Align objectives and plan design
DC plan design typically focuses on competitiveness with too little attention to member outcomes and workforce implications. If the primary goal is to move the needle on retirement readiness, employers need to address a few plan design considerations.

  • Does the plan’s contribution structure encourage optimal savings? A 2014 Towers Watson survey of DC plan sponsors shows most (58%) DC plans today have a minimum level of employee and/or employer contributions, and nearly three-quarters (72%) allow for employee voluntary contributions with an employer match. That leaves about one in four plans that still don’t permit employee voluntary contributions. And a significant percentage of plan members who are able to make voluntary contributions don’t contribute to the match threshold. Plan sponsors can have a big impact on employees’ financial well-being and retirement readiness by ensuring plan design and communication improve the likelihood of members maximizing their contributions.

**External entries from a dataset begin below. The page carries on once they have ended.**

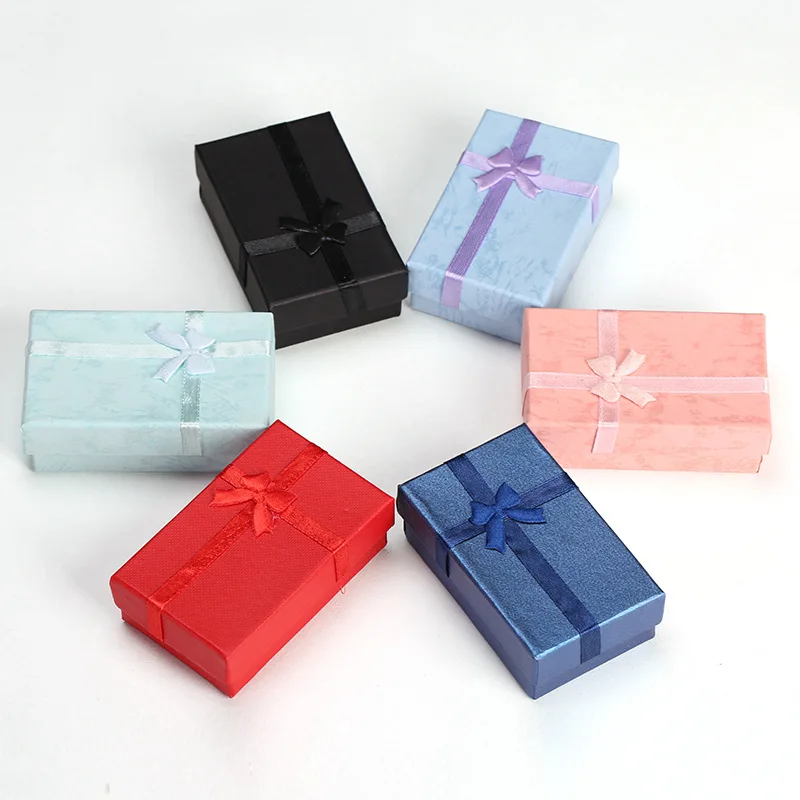 4 Pcs High Quality Paper Ring Necklace Set Jewelry Necklace Earrings Rectangular Display Package Gift Box Organizer 5*8*3cm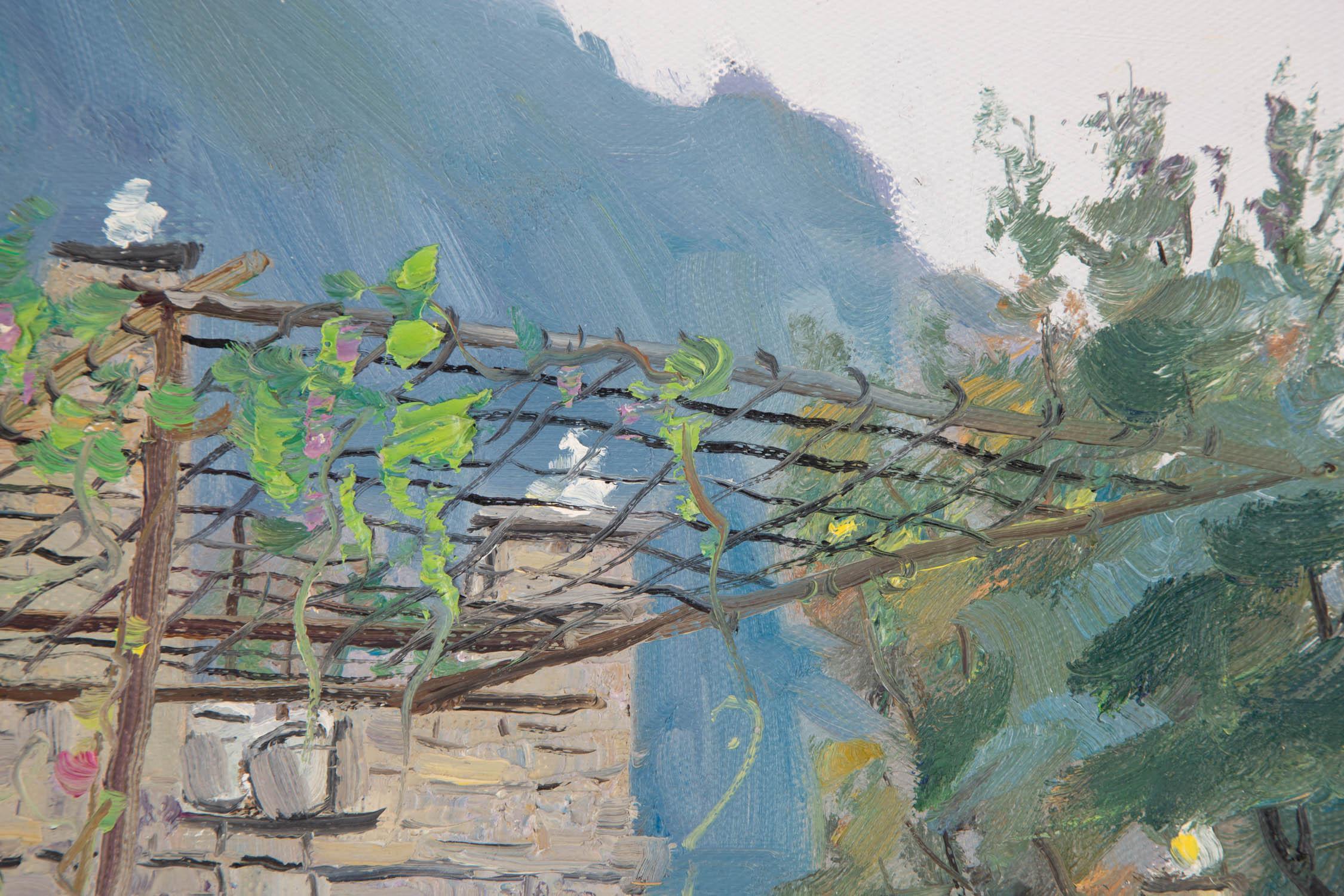 Huile sur toile impressionniste originale Kui Zhao « Qiangzhai Morning Glory » ( Gloire du matin) en vente 2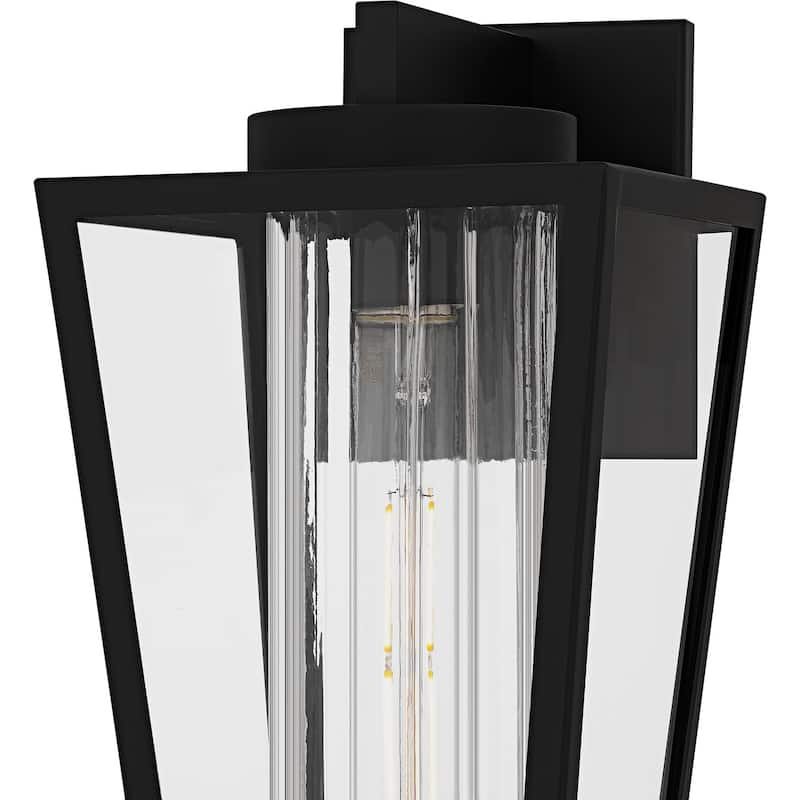 Matte Black Outdoor Wall Lantern from the Jett Collection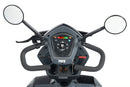 Close-up of a scooter's handlebar with mirrors and control panel on a white background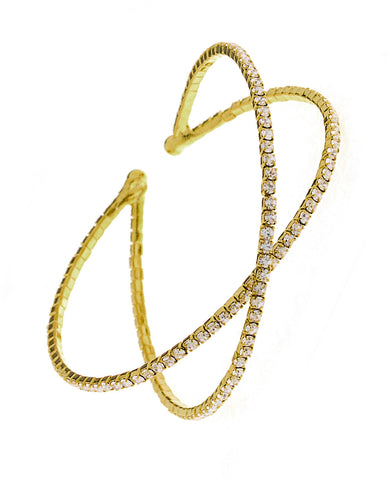 nyfashion101 Women's Single Row Rhinestone Criss Cross Cuff Bracelet in Gold-Tone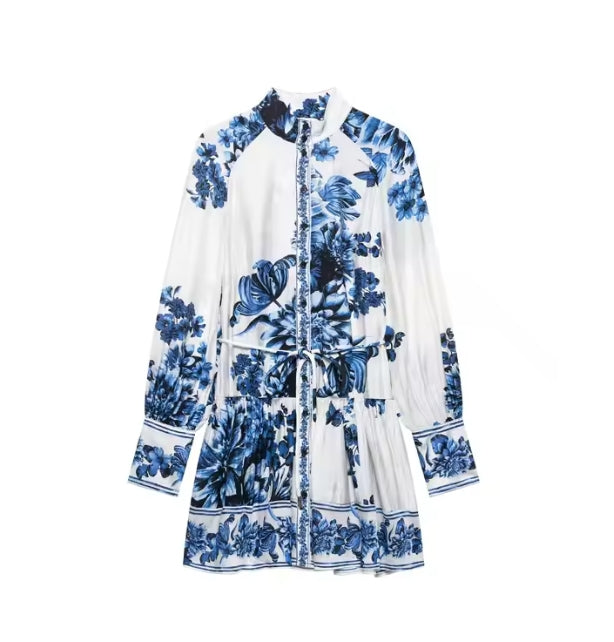 Floral Waist Tie Mini Shirt Dress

  • Do the plan’s investment options meet the diverse needs of members and facilitate effective investment behaviour? In recent years, many plan sponsors have streamlined the number of investment options available to simplify the choices for members (according to the recent Towers Watson survey of DC plan sponsors, the majority now offer between five and 14 funds). Many have also introduced target-date funds with diversified portfolios geared to specific retirement dates and automatic rebalancing to maintain the target mix. And some now offer both actively and passively managed funds that give members a choice of investment styles and fee structures. Plan sponsors need to evaluate the investment behaviour and sophistication of plan members and customize the range of investment options to reflect the composition of their workforce.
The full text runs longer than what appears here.